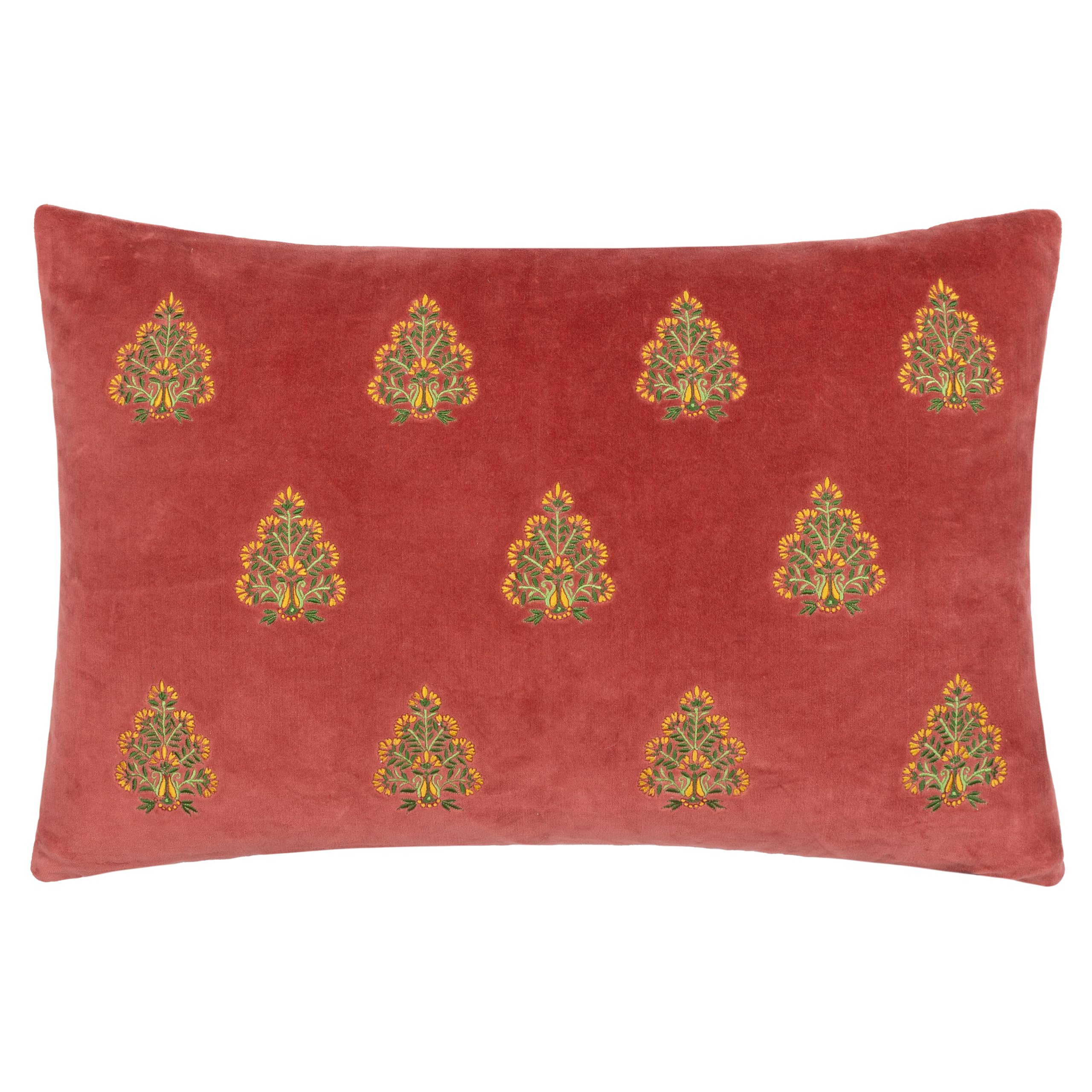 Paoletti Rennes Embroidered Cotton Velvet Polyester Filled Cushion from B&Q
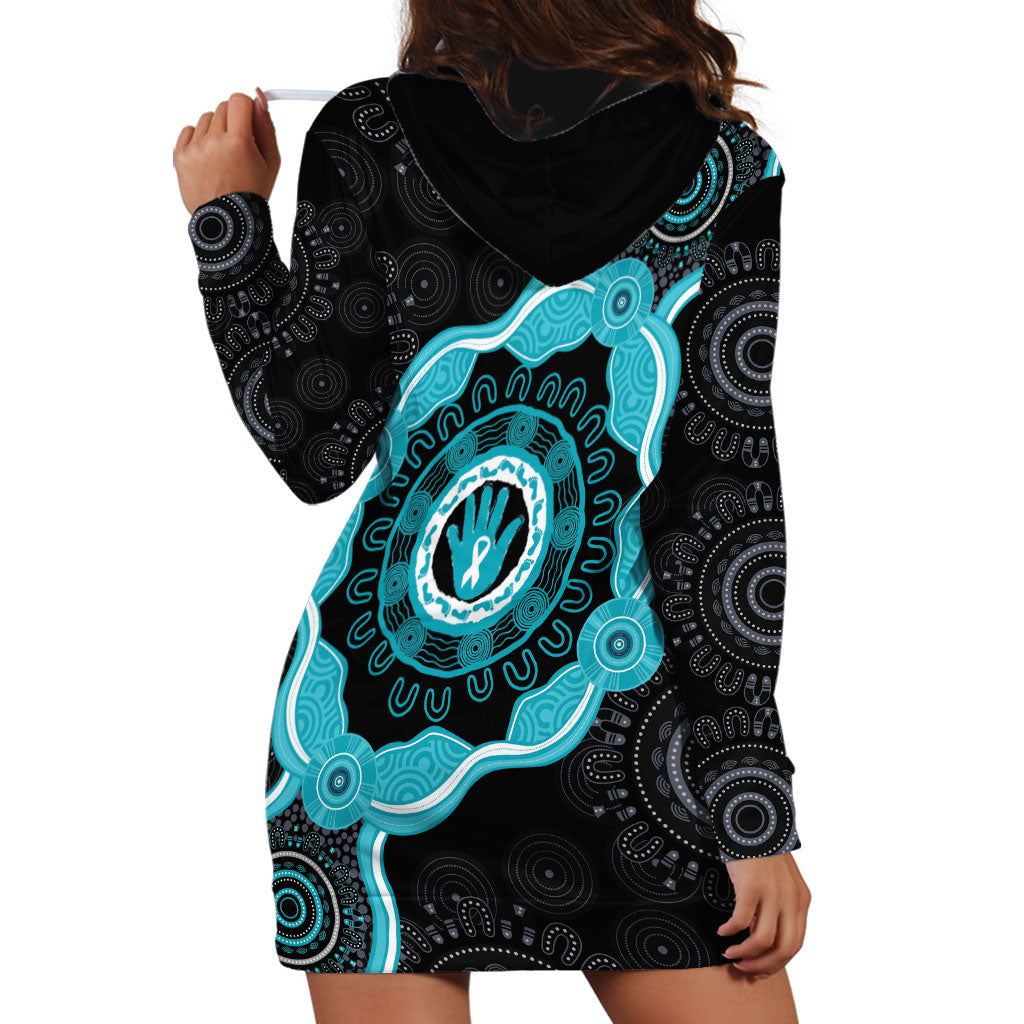 Australia Ovarian Cancer Support Hoodie Dress Brave Strong Teal Ribbon Aboriginal Art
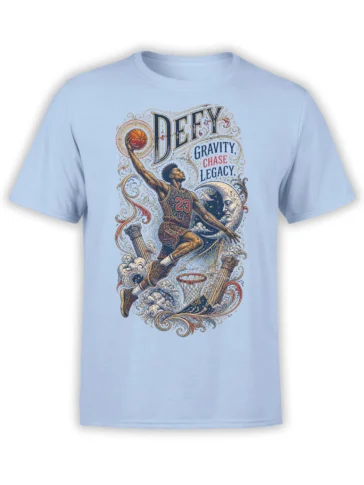 Light blue basketball T-shirt with a vintage player, moon, hoop, ornate columns, and Defy Gravity message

Problem details: Send back every line of the listing exactly. Omit the images.

Exercise output:
 Paoletti Rennes Embroidered Cotton Velvet Polyester Filled Cushion from B&Q
 Australia Ovarian Cancer Support Hoodie Dress Brave Strong Teal Ribbon Aboriginal Art
 Light blue basketball T-shirt with a vintage player, moon, hoop, ornate columns, and Defy Gravity message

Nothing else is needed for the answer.